Exercise description – Please copy each line of the data that includes the string "from".

[Source data]
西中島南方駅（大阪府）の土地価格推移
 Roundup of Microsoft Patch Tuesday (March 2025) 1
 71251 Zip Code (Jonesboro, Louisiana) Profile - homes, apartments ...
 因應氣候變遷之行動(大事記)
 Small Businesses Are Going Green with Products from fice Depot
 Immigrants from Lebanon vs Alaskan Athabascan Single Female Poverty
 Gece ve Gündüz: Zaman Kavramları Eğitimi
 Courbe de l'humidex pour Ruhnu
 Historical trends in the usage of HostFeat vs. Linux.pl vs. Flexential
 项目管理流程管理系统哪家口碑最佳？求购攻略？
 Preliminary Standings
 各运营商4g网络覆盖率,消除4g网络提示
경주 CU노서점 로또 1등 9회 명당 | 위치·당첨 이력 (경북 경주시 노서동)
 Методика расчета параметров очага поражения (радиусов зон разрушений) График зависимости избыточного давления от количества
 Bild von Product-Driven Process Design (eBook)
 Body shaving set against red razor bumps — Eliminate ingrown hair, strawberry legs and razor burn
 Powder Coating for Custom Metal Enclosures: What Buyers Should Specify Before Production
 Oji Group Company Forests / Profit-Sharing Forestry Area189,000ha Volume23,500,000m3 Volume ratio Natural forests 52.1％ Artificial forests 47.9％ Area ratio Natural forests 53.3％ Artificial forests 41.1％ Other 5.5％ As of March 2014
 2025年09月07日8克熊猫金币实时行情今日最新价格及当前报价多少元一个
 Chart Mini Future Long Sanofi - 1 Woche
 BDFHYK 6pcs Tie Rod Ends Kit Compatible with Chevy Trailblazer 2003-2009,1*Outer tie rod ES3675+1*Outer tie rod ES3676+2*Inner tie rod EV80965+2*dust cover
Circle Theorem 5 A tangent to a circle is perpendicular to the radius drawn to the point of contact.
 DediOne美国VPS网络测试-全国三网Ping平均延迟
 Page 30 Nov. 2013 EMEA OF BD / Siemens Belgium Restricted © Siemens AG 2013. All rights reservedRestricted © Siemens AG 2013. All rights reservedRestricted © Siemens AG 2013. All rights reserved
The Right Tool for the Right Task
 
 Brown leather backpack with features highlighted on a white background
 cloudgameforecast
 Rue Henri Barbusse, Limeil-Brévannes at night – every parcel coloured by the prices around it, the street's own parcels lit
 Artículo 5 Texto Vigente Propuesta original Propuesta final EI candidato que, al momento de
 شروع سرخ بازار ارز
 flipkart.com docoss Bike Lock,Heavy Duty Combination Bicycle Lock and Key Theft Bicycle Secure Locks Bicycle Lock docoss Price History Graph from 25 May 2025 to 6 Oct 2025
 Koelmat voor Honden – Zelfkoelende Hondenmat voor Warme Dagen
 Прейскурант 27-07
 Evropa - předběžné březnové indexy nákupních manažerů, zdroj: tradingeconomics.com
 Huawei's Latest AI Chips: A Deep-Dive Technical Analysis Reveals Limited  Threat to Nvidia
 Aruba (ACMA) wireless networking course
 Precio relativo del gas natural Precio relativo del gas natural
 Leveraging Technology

Exercise response –
 Small Businesses Are Going Green with Products from fice Depot
 Immigrants from Lebanon vs Alaskan Athabascan Single Female Poverty
 flipkart.com docoss Bike Lock,Heavy Duty Combination Bicycle Lock and Key Theft Bicycle Secure Locks Bicycle Lock docoss Price History Graph from 25 May 2025 to 6 Oct 2025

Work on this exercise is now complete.